Exercise:
Using the data below, reproduce exactly the lines from the line with "JBL Endurance Zone (white)" to the line with "Kask Rowerowy Fox Proframe Quo Pewter", both included; pictures must be dropped.

======

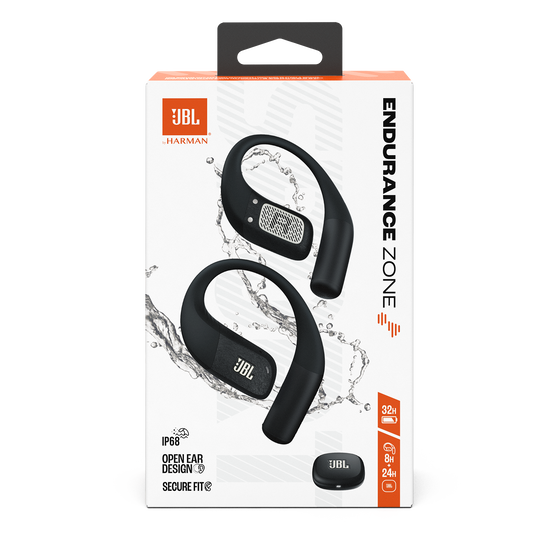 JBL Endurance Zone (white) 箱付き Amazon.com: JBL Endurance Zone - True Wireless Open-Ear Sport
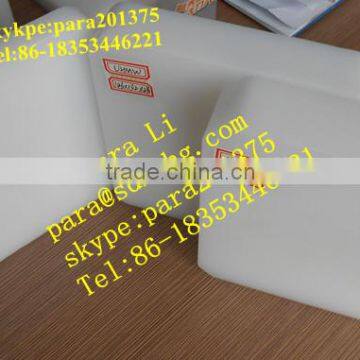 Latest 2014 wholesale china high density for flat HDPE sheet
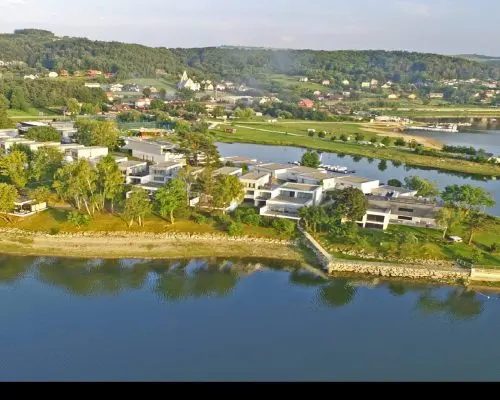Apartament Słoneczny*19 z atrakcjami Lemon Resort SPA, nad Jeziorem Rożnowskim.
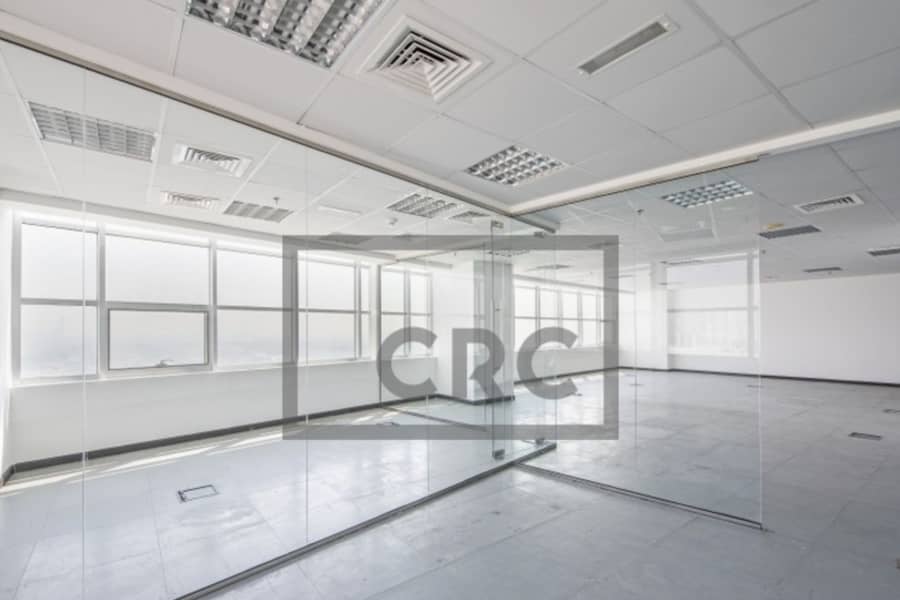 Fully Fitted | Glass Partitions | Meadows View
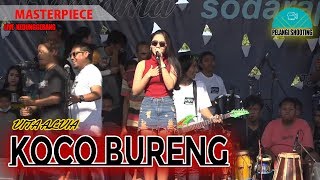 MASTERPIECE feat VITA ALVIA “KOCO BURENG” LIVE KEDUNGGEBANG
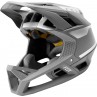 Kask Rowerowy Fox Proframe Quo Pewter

======

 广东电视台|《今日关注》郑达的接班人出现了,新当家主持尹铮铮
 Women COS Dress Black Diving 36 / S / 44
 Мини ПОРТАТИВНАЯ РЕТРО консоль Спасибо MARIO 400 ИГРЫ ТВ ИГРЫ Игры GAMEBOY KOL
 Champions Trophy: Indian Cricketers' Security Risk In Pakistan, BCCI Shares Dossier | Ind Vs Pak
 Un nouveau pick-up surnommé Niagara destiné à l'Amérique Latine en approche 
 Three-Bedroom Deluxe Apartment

======

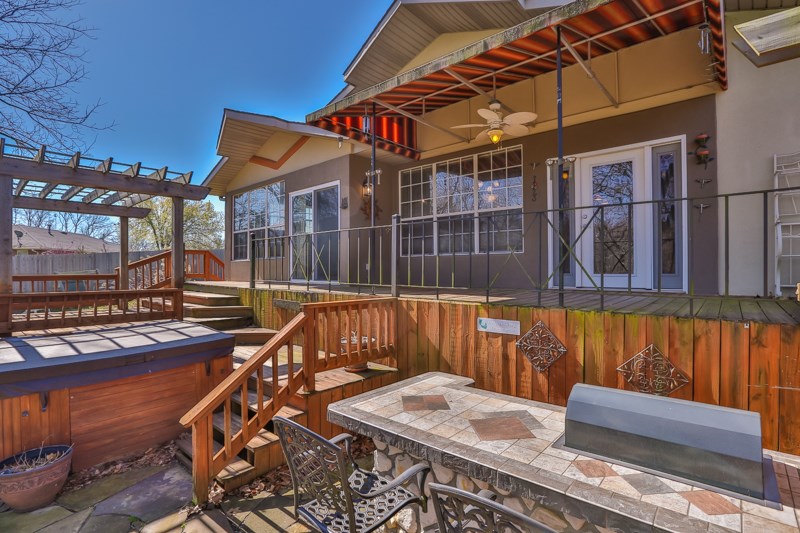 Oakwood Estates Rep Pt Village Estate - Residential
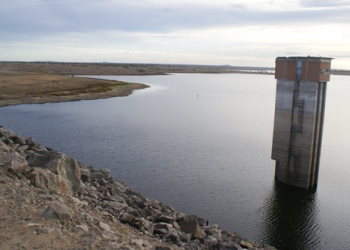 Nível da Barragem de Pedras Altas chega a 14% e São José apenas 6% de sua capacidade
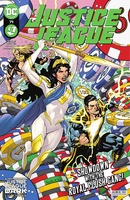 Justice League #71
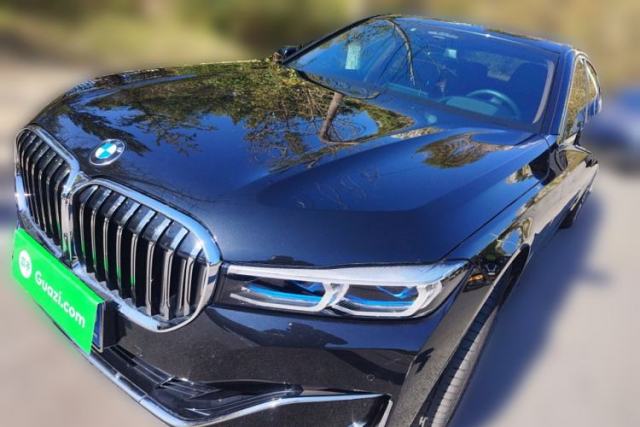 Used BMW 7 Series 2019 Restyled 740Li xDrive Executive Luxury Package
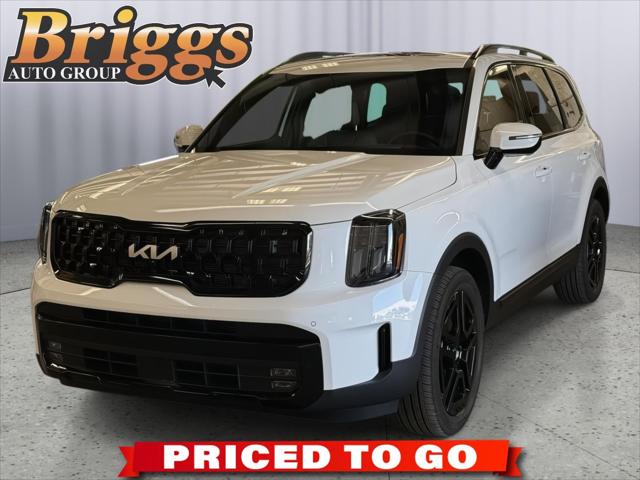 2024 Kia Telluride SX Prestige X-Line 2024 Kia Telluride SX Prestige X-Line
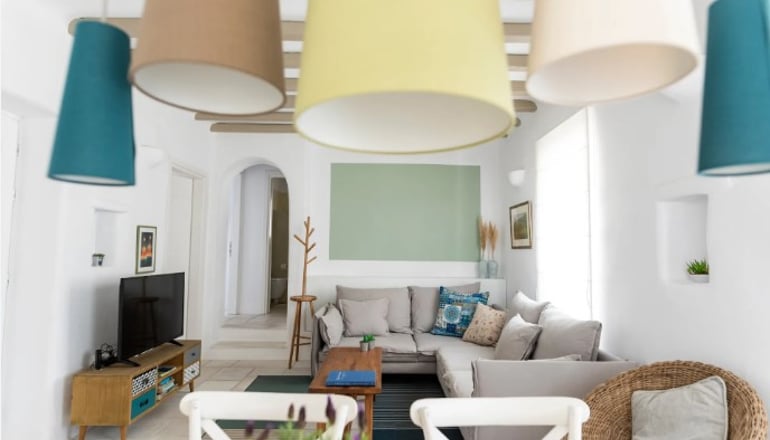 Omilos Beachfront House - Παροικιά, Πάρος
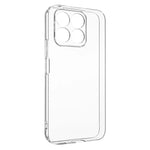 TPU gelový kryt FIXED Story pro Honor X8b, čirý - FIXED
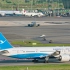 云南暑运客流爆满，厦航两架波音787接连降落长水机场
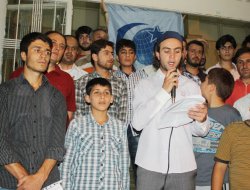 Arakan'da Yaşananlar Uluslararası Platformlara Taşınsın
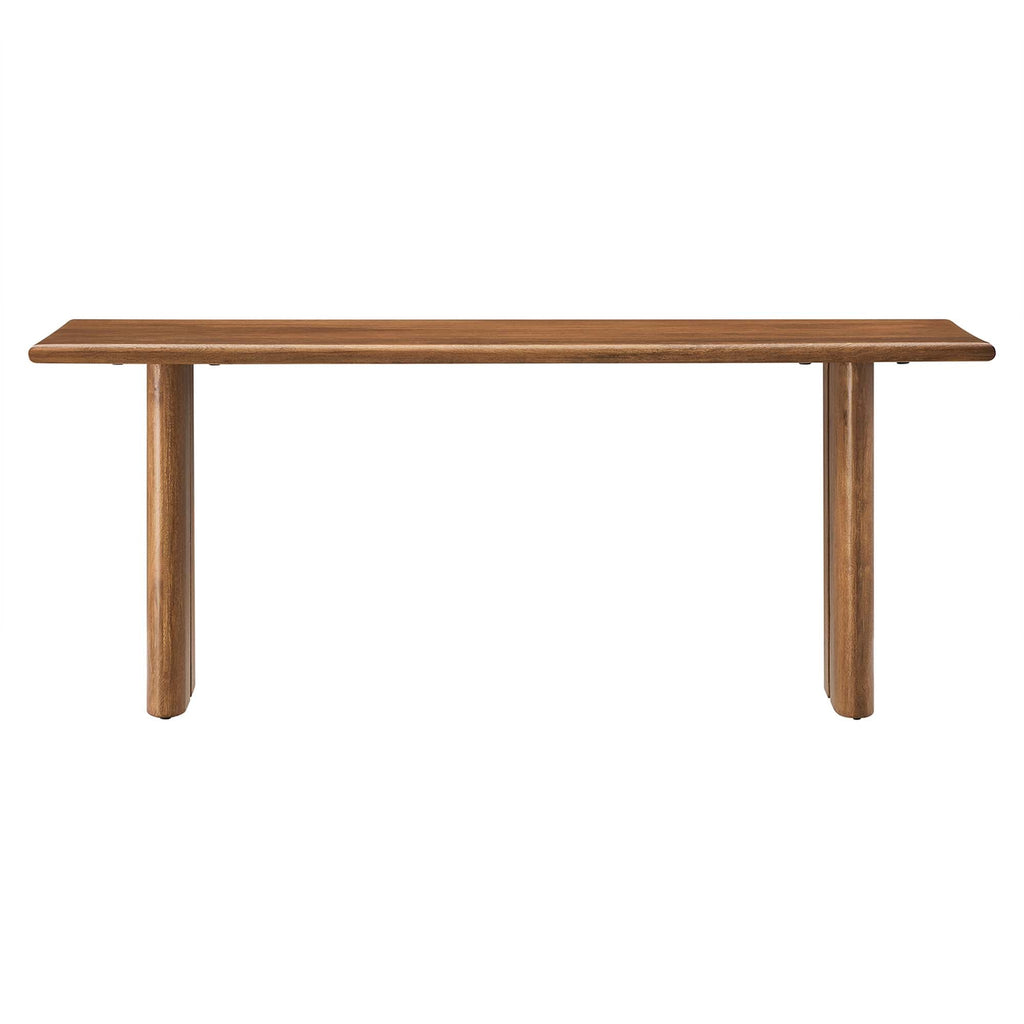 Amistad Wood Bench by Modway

======

Response below:
 JBL Endurance Zone (white) 箱付き Amazon.com: JBL Endurance Zone - True Wireless Open-Ear Sport
 Latest 2014 wholesale china high density for flat HDPE sheet
Apartament Słoneczny*19 z atrakcjami Lemon Resort SPA, nad Jeziorem Rożnowskim.
 Fully Fitted | Glass Partitions | Meadows View
 MASTERPIECE feat VITA ALVIA “KOCO BURENG” LIVE KEDUNGGEBANG
 Kask Rowerowy Fox Proframe Quo Pewter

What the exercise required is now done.